Each line from the one containing "Puerto Rico vota" to the end of the material below is to be restated exactly, with pictures skipped.

**Information provided**.

________

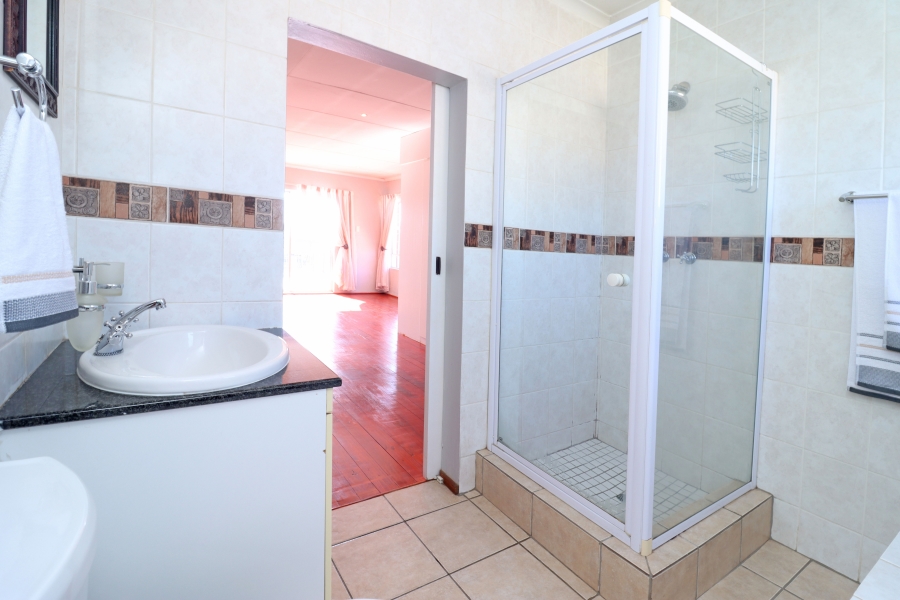 3 Bedroom Property for Sale in Barbeque Downs Gauteng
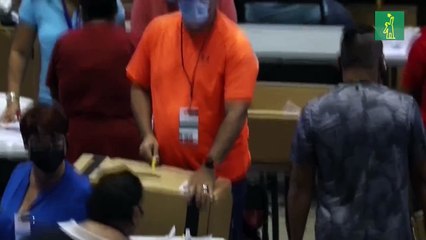 Puerto Rico vota adelantado en medio de los comicios generales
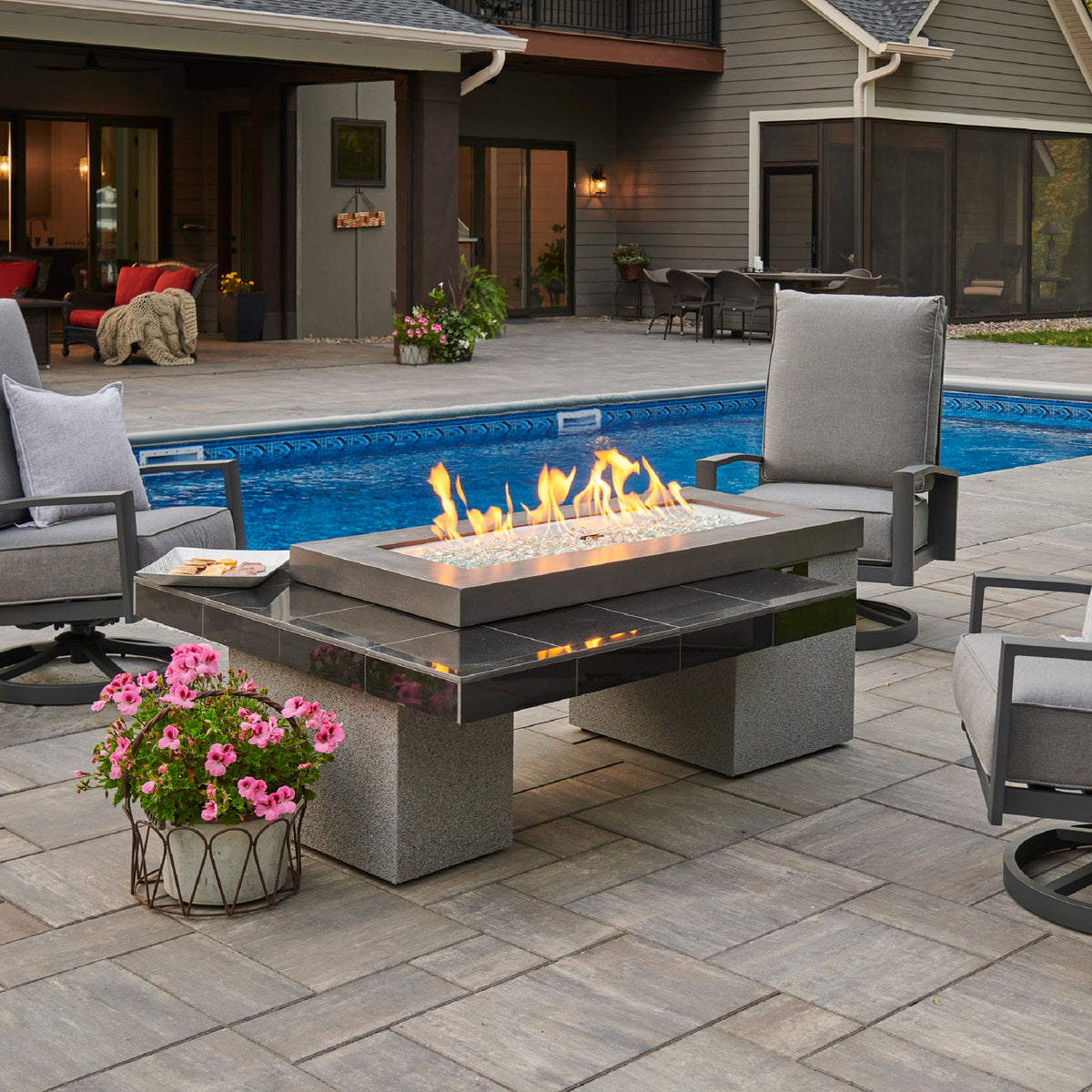 Outdoor GreatRoom Uptown Gas Fire Pit Table - Fireside Hearth & Home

________

**Answer for the task**.
 Puerto Rico vota adelantado en medio de los comicios generales
 Outdoor GreatRoom Uptown Gas Fire Pit Table - Fireside Hearth & Home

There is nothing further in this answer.